### [Brief]
Please, without any pictures, set down exactly the part of the listing below that opens with the line containing "Hotel Sonnenpark &" and closes with the line containing "Imagem 2: Apartamento".

### [Supplied data]

::::::

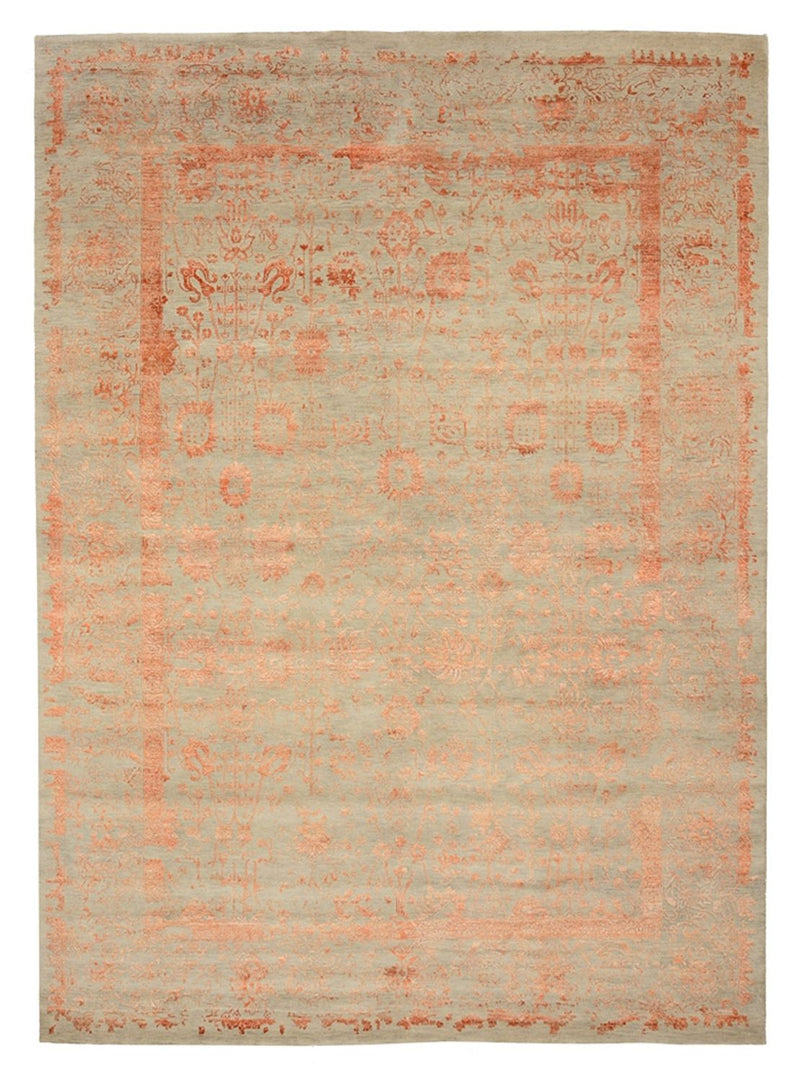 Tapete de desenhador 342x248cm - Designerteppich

::::::

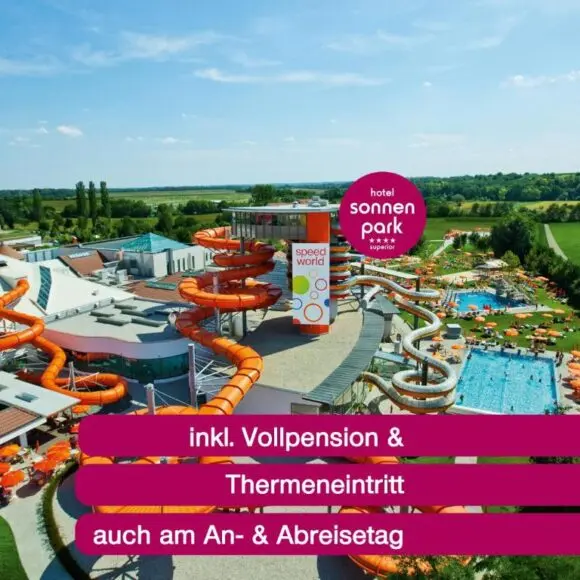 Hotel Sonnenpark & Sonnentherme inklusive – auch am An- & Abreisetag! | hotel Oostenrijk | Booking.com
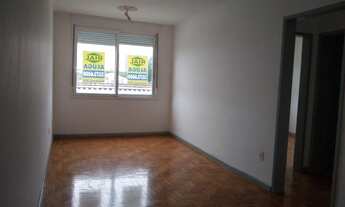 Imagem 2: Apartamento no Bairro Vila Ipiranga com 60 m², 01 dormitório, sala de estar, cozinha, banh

::::::

### [Answer for the task]
 Hotel Sonnenpark & Sonnentherme inklusive – auch am An- & Abreisetag! | hotel Oostenrijk | Booking.com
 Imagem 2: Apartamento no Bairro Vila Ipiranga com 60 m², 01 dormitório, sala de estar, cozinha, banh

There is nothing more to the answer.